Alertado por un ruido de agua caída de improviso, se volvió, y pudo verla moviéndose hacia el sur, a unos cincuenta metros de distancia.

Se movía con lentitud, con el hocico abierto y azotándose los costados con el rabo. Calculó que de cabeza a rabo medía sus buenos dos metros, y que parada sobre dos patas superaba la estatura de un perro pastor.

El animal desapareció tras un arbusto y casi enseguida se dejó ver nuevamente. Esta vez se movía en dirección norte.

– Ese truco lo conozco. Si me quieres aquí, bueno, me quedo. Entre la nube de vapor tú tampoco vas a ver nada -le gritó, y se parapetó apoyando la espalda en un tronco.
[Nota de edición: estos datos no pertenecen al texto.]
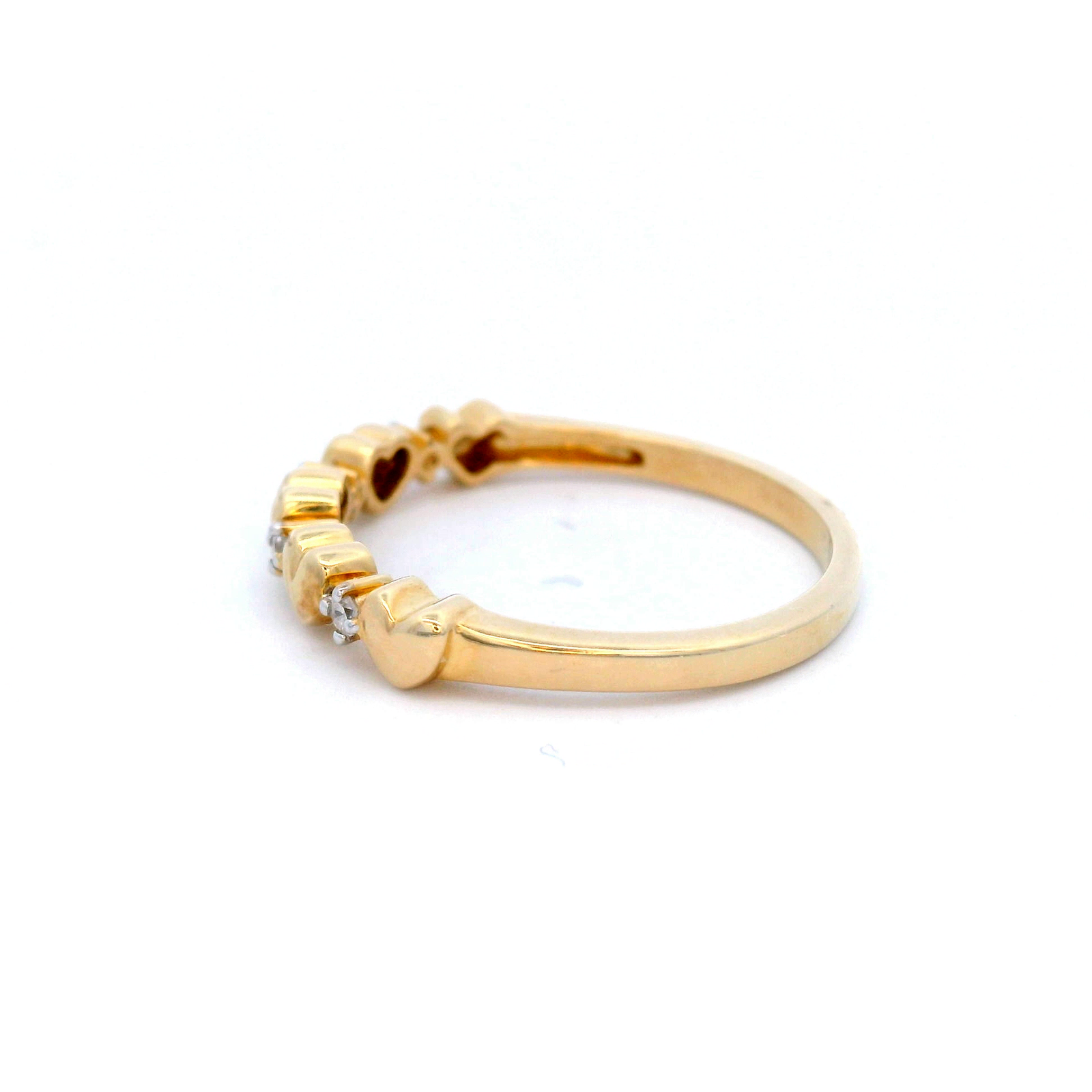 Diamond Heart Ring in Yellow Gold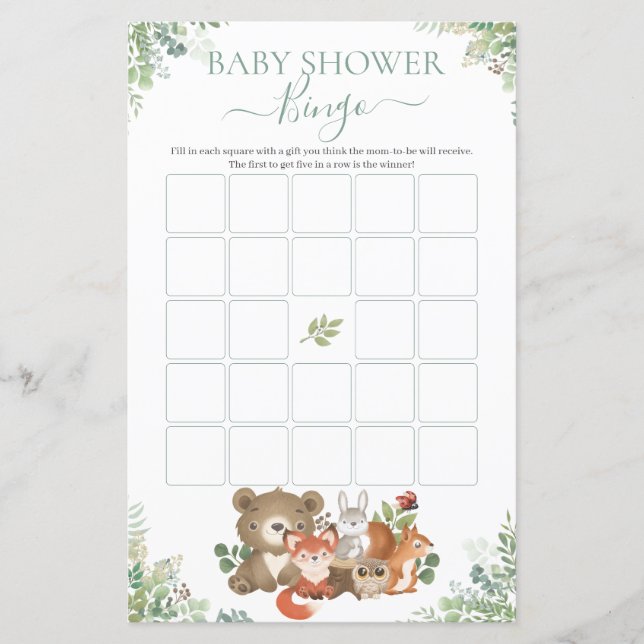 Woodland Animals Greenery Baby Shower Bingo Game (Front)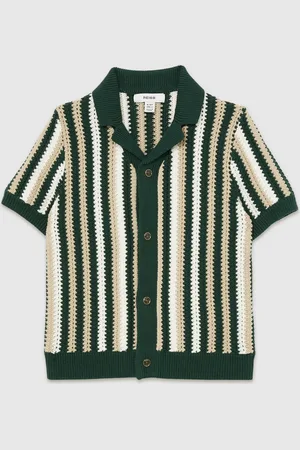 Reiss Carrington Cotton Crochet Stripe Cuban Shirt140146 cm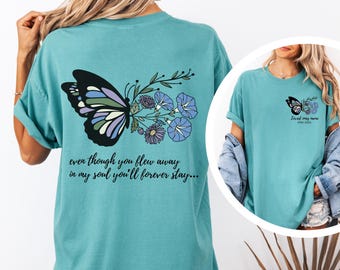 Comfort Colors® birth month butterfly memorial shirt, In memory of a lost loved one T-shirt, personalized memorial gift, custom memorial tee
La pausa de lluvia convocó de inmediato a los mosquitos. Atacaron buscando labios, párpados, rasmilladuras. Las diminutas arenillas se metían en los orificios nasales, en las orejas, entre el pelo. Rápidamente se metió un cigarro en la boca, lo masticó, deshizo, y se aplicó la pasta salivosa en el rostro y en los brazos.

Por fortuna, la pausa duró poco y se largó a llover con renovada intensidad. Con ello regresó la calma y sólo se escuchaba el ruido del agua penetrando entre el follaje.

La hembra se dejó ver varias veces, siempre moviéndose en una trayectoria norte-sur.

El viejo la miraba estudiándola. Seguía los movimientos del animal para descubrir en qué punto de la espesura realizaba el giro que le permitía volver al mismo punto del norte a recomenzar el paseo provocativo.

– Aquí me tienes. Yo soy Antonio José Bolívar Proaño y lo único que me sobra es paciencia. Eres un animal extraño, no hay dudas de eso. Me pregunto si tu conducta es inteligente o desesperada. ¿Por qué no me rodeas e intentas simulacros de ataque? ¿Por qué no te metes hacia el oriente, para seguirte? Te mueves de norte a sur, giras al poniente y retomas el camino. ¿Me tomas por un cojudo? Me estás cortando el camino al río. Ese es tu plan. Quieres verme huir selva adentro y seguirme. No soy tan cojudo, amiga. Y tú no eres tan inteligente como supuse.

La miraba moverse y en algunas ocasiones estuvo a punto de disparar, pero no lo hizo. Sabía que el tiro debía ser definitivo y certero. Si solamente la hería, la hembra no le daría tiempo para recargar el arma, y por una falla de los percutores se le iban los dos cartuchos al mismo tiempo.

Las horas pasaron y cuando la luz disminuyó supo que el juego del animal no consistía en empujarlo hacia el oriente. Lo quería ahí, en ese sitio, y esperaba la oscuridad para atacarlo.

El viejo calculó que disponía de una hora de luz, y en ese tiempo debía largarse, alcanzar la orilla del río y buscar un lugar seguro.

Esperó a que la hembra terminase con uno de los desplazamientos hacia el sur y diera el rodeo que la regresaba al punto de partida. Entonces, a toda carrera se lanzó en pos del río.

Llegó a un antiguo terreno desbrozado que le permitió ganar tiempo y lo atravesó con la escopeta apretada contra el pecho. Con suerte alcanzaría la orilla del río antes que la hembra descubriese su maniobra evasoria. Sabía que no lejos de allí encontraría un campamento abandonado de buscadores de oro en el que podría refugiarse.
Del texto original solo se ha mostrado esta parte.